> EXERCISE AIM
Everything from the line with "3 Airport One" through the final line of the listing below must be retyped exactly, apart from the pictures.

> SUPPLIED DATA
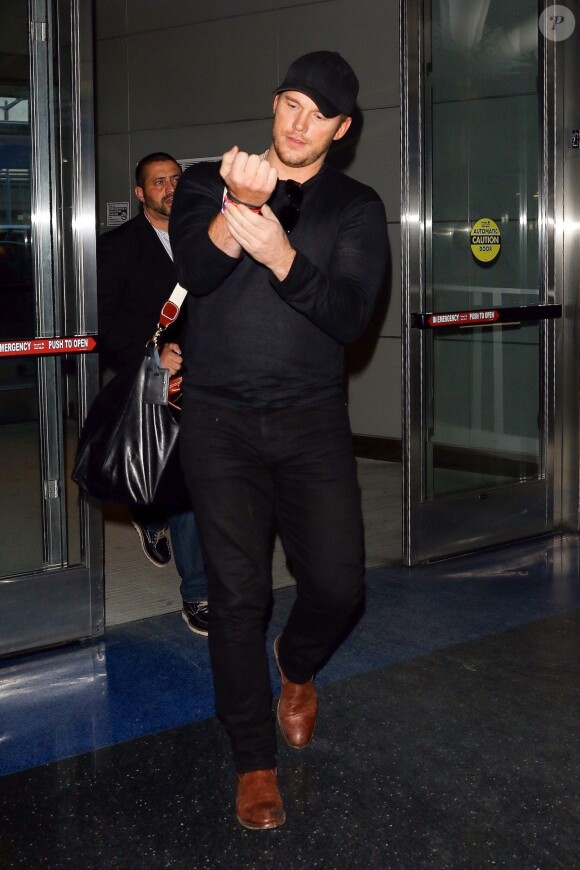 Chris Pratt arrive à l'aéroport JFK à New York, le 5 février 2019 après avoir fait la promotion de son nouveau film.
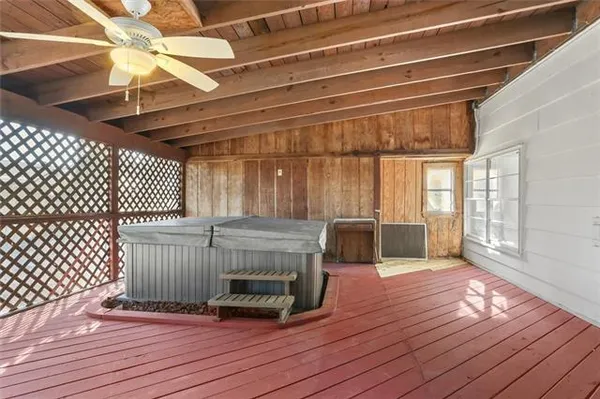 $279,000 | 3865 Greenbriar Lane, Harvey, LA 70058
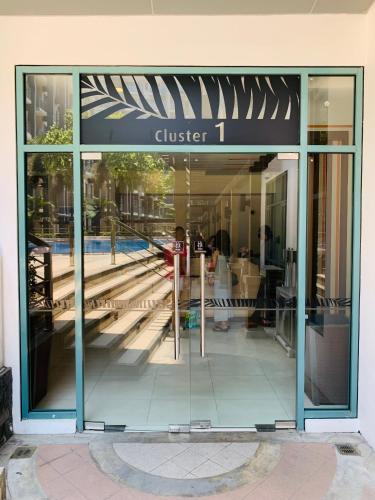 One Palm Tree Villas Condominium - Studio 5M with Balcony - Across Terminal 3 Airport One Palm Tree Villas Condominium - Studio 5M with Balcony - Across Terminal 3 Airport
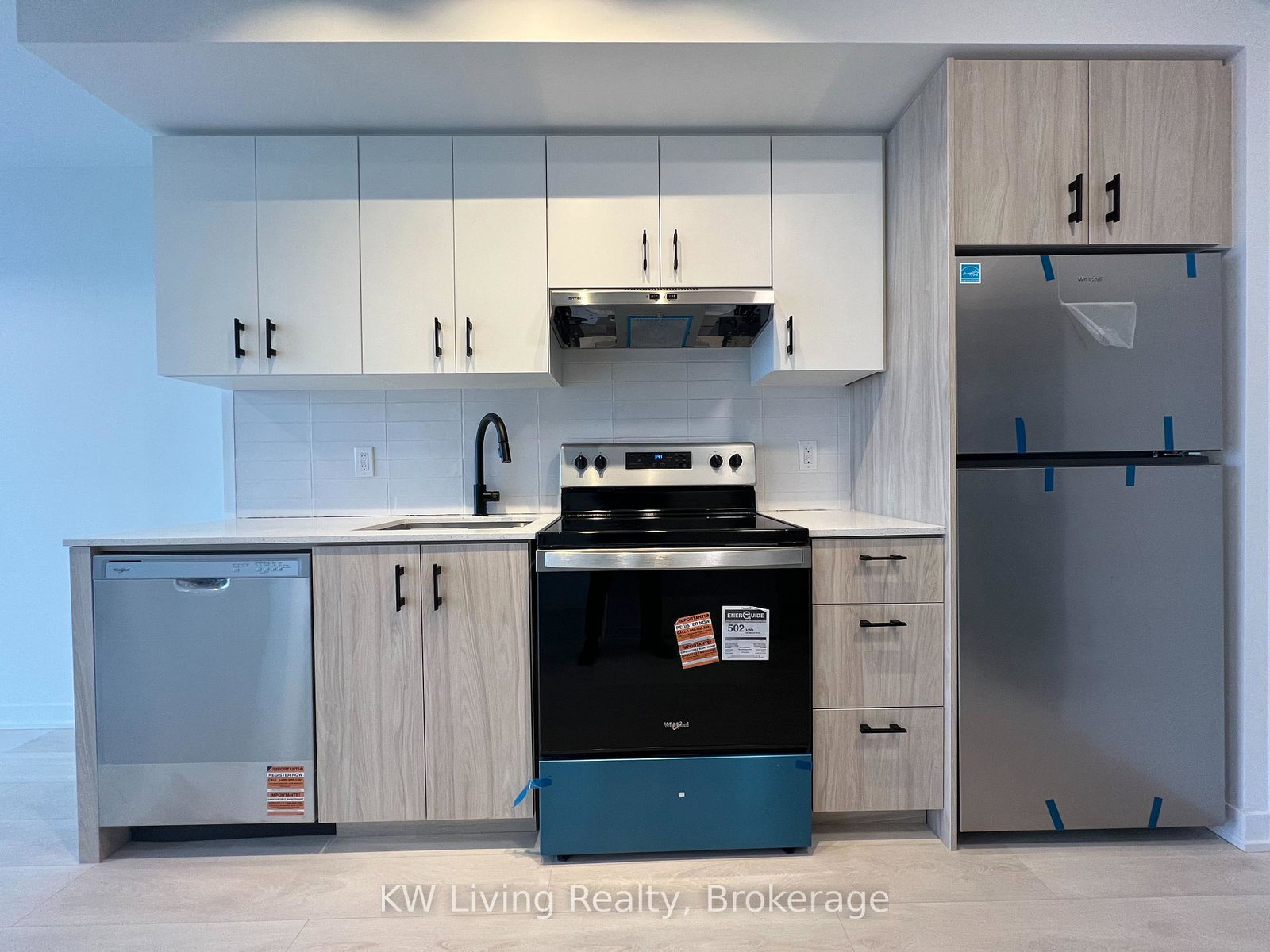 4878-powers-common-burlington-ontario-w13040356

> FINAL ANSWER
 One Palm Tree Villas Condominium - Studio 5M with Balcony - Across Terminal 3 Airport One Palm Tree Villas Condominium - Studio 5M with Balcony - Across Terminal 3 Airport
 4878-powers-common-burlington-ontario-w13040356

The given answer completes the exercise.